Microsoft Word 1.0 for Windows shipped in 1989 after a long development cycle and was designed to run on Windows 386.  There's not much more to the program than what you see here, but it gives you an idea of how far Word's come.  The Berlin Wall was still up but if you squint your eyes, you can see the core of today's Word UI already present.  There's an application-level menu bar, which Windows evolved from the Mac's top-level menu bar and the bottom-of-the-screen menu display of Microsoft's DOS programs.  Word 1.0 also includes something not seen often in user interfaces since PARC: the toolbar.  First used by Microsoft in Excel, it might look like there are two toolbars in Word 1.0, but in reality only the top bar is called a toolbar.  Interestingly, the bottom row of buttons is called the "Ribbon"--something we didn't discover until I went back and made these screenshots some number of months ago.  It's a small world.

(Word 1.0 - Click to view full picture)

By the time Word 2.0 hit the market in 1992, the basic structure of the Word user interface has already solidified exactly as it is in Word 2003 today.  File, Edit, View, Insert, Format, Tools, Table, Window, Help.  A "Standard" and "Formatting" toolbar.  Here's a program that was in design more than 15 years ago and yet the basic user interface has remained stable all this time.  (I was in junior high school at the time, programming on my Apple //c.)

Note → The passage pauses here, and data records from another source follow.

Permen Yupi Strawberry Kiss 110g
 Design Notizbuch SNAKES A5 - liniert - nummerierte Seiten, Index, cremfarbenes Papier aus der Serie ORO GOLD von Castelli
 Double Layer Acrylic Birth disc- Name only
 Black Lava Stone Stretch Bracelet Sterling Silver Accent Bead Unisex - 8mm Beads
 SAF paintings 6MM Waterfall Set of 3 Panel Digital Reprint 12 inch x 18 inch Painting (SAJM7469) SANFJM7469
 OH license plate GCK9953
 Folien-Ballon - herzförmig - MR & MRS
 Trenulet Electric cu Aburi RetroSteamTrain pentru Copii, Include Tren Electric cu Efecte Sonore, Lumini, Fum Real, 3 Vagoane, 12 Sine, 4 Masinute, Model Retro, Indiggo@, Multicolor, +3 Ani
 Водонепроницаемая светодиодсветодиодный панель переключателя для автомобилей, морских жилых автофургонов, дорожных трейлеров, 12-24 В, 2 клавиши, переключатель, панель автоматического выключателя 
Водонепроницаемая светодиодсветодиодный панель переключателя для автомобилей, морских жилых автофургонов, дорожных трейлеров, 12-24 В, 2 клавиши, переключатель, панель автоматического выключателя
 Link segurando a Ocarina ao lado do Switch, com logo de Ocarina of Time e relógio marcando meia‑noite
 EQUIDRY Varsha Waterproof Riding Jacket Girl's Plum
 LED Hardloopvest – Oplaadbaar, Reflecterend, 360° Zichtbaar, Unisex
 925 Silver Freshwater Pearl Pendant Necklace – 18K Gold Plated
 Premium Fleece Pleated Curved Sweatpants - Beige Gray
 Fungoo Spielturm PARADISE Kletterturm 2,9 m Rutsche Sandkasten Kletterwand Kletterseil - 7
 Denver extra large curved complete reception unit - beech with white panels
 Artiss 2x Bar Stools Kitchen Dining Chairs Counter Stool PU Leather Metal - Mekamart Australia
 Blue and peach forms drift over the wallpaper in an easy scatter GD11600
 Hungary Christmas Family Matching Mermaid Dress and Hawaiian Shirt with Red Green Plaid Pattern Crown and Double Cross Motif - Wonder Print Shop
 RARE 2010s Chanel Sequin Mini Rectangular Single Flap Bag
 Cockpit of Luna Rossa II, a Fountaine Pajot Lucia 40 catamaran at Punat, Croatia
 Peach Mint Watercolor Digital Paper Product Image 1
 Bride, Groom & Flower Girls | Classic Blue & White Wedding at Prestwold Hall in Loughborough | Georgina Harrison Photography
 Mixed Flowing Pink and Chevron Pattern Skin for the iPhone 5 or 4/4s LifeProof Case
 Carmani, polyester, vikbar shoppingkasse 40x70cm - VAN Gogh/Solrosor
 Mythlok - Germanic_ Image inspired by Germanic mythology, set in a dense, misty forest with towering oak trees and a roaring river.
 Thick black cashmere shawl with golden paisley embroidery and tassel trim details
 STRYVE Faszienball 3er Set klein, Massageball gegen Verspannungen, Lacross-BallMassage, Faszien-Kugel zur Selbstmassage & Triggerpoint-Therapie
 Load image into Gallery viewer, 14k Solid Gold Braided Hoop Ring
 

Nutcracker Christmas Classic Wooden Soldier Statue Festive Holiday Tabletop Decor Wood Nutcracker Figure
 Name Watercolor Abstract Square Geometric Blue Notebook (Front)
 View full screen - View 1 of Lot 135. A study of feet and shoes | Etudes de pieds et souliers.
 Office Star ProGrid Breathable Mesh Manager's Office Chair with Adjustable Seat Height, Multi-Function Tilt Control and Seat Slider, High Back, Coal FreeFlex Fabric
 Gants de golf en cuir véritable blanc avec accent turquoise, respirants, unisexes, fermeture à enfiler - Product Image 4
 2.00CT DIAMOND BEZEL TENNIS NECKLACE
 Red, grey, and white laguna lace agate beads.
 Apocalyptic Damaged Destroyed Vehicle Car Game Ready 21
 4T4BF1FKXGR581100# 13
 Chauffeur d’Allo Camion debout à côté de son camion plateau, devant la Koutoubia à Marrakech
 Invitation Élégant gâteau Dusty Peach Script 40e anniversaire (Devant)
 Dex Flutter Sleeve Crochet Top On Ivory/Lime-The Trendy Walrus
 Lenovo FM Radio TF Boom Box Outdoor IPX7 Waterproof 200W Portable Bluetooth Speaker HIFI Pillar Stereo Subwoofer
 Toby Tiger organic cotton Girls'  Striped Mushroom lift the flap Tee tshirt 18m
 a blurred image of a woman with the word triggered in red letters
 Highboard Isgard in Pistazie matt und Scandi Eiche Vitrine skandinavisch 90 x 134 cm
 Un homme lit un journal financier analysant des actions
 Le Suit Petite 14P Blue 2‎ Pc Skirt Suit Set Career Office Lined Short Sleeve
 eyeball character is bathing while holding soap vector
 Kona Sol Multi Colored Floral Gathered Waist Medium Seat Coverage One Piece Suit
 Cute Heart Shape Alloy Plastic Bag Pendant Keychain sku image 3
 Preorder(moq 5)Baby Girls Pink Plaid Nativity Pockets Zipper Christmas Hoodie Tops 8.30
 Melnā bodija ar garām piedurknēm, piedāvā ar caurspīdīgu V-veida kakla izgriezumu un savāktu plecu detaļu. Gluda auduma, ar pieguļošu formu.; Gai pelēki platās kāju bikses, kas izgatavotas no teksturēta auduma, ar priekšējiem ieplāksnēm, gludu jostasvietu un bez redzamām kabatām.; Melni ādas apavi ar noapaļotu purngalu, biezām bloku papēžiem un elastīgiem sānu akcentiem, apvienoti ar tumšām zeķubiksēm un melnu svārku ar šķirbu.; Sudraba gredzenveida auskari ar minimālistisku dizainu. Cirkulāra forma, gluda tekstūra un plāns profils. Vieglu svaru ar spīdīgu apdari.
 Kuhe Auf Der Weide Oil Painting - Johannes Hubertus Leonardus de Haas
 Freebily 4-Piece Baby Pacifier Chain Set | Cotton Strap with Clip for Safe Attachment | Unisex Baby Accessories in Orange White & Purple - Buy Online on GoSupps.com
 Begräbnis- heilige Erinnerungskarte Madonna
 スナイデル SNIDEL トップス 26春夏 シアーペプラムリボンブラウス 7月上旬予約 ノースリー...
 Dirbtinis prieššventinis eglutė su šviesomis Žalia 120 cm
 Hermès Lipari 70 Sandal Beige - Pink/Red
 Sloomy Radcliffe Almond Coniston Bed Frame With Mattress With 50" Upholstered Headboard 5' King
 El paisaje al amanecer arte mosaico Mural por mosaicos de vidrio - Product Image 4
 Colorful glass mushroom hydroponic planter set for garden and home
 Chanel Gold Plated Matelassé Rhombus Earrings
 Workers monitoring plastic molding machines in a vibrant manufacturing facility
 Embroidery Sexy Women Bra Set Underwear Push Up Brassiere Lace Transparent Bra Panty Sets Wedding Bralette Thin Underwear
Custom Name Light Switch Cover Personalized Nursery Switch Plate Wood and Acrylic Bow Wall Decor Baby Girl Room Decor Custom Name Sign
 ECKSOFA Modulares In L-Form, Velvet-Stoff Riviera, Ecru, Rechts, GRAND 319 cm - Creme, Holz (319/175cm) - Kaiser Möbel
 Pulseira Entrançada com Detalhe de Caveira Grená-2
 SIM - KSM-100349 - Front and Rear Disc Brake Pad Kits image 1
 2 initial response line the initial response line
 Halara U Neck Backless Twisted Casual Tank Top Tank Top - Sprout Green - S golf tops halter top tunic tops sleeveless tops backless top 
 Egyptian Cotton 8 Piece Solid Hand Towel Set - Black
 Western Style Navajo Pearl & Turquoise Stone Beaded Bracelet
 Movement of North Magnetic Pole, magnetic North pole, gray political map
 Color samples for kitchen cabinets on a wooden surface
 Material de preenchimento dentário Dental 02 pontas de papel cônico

(Word 2.0 - Click to view full picture)

Yet, the thing was, this UI worked well for a program like Word 2.0.  It had fewer than 100 commands, and because the Word team was able to plan the ideal menu structure for their program, the organization made sense.  The toolbars were simply efficient duplicates of functionality found in the menu structure--no features existed only on toolbars.  Browsing the menus was straightforward and fast--most menus had less than 10 items on them, and no menu hosted any fly-off hierarchical menus.

Word 6.0 was a runaway hit.  Capitalizing on the popularity of Windows 3.1, this was the turning point in Word's competition with WordPerfect.  In terms of new user interface evolution, Word 6 introduced right-click context menus, tabbed dialog boxes, wizards, and toolbars along the bottom of the screen.  The number of toolbars jumped from two in the previous version to eight in Word 6, and the menus became more full as features were added to the product.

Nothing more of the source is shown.